▸ TASK REQUIREMENTS: Below are entries with pictures in them. Output exactly the lines starting at the line with "4200 Glen Hill" and ending at the line with "Used 2025 Porsche Macan image 1", both included, but not the pictures.

▸ DATA RECORDS:
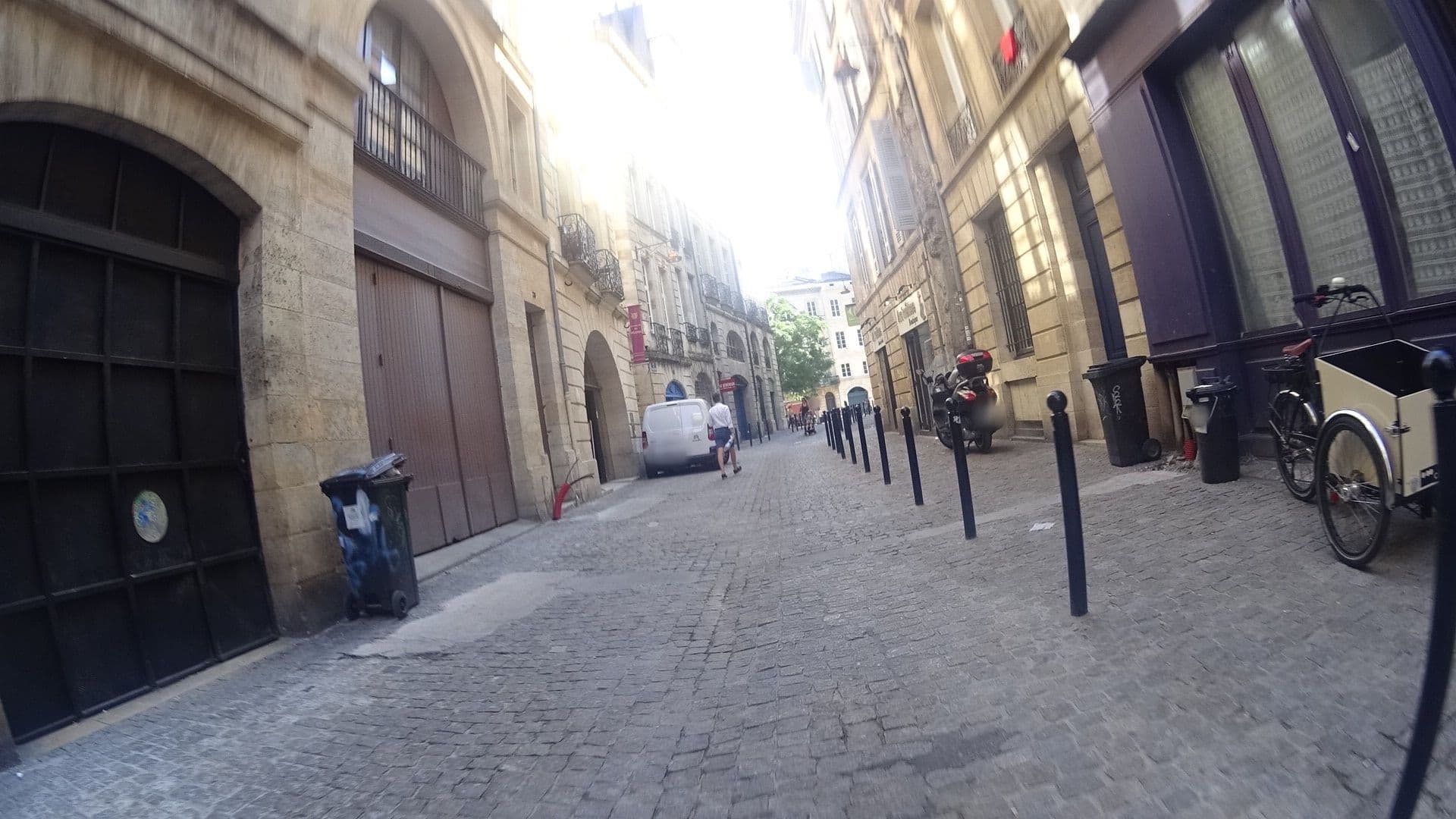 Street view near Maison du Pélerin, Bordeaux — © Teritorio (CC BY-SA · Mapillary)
...
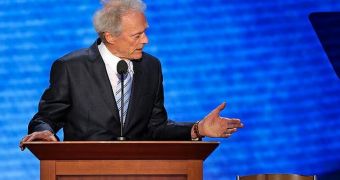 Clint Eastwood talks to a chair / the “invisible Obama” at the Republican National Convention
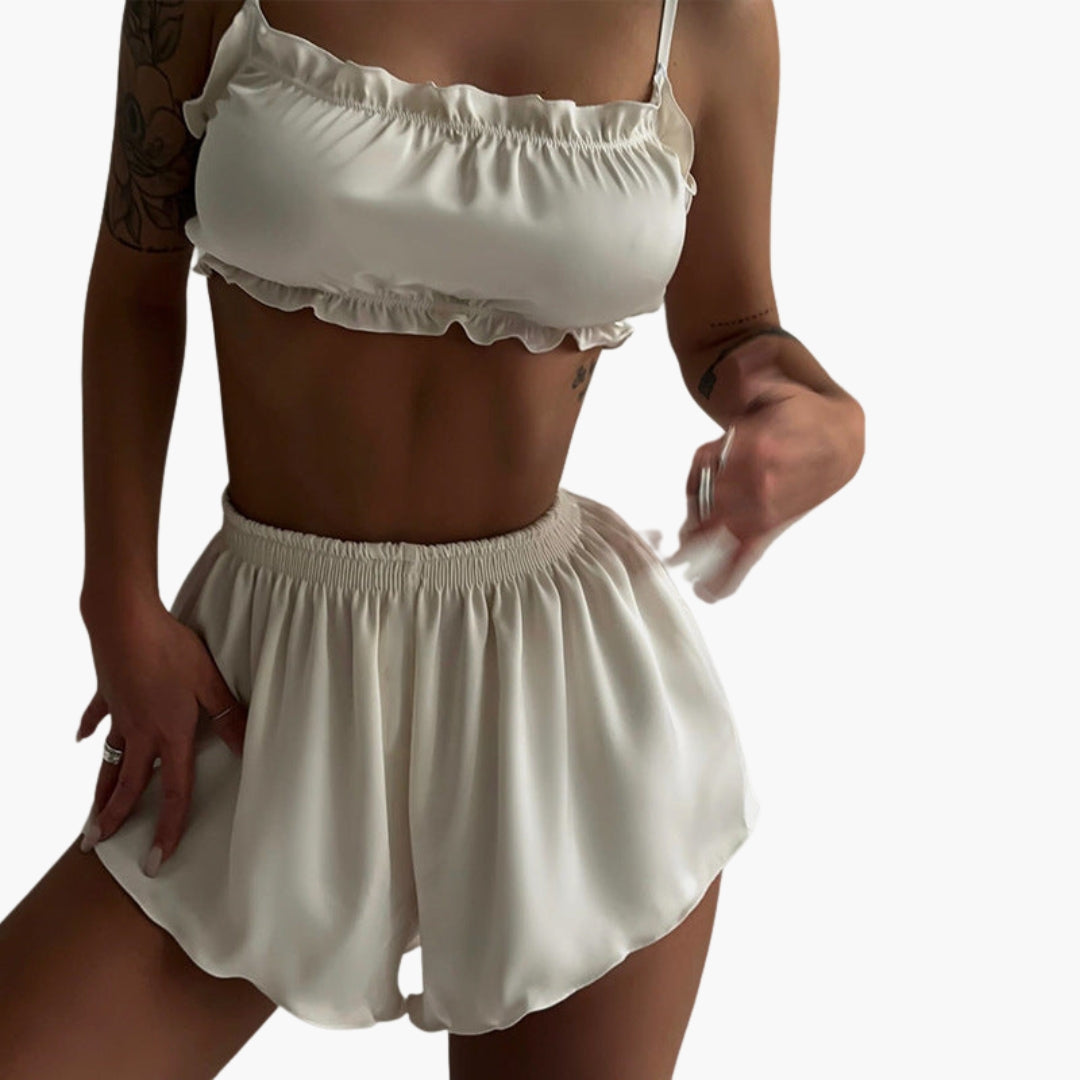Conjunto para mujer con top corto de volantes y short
...
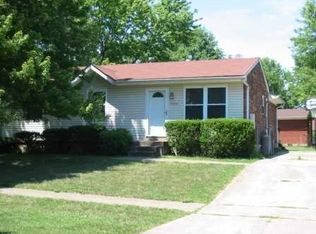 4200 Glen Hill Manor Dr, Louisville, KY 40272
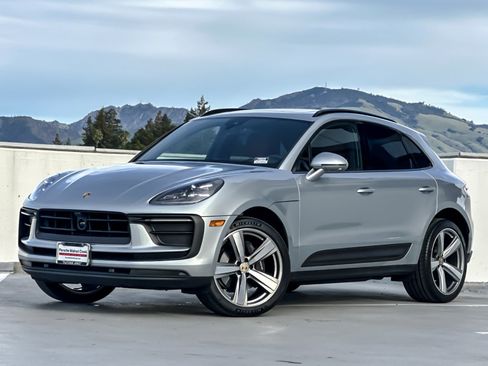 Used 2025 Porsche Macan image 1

▸ FINISHED EXERCISE:
 4200 Glen Hill Manor Dr, Louisville, KY 40272
 Used 2025 Porsche Macan image 1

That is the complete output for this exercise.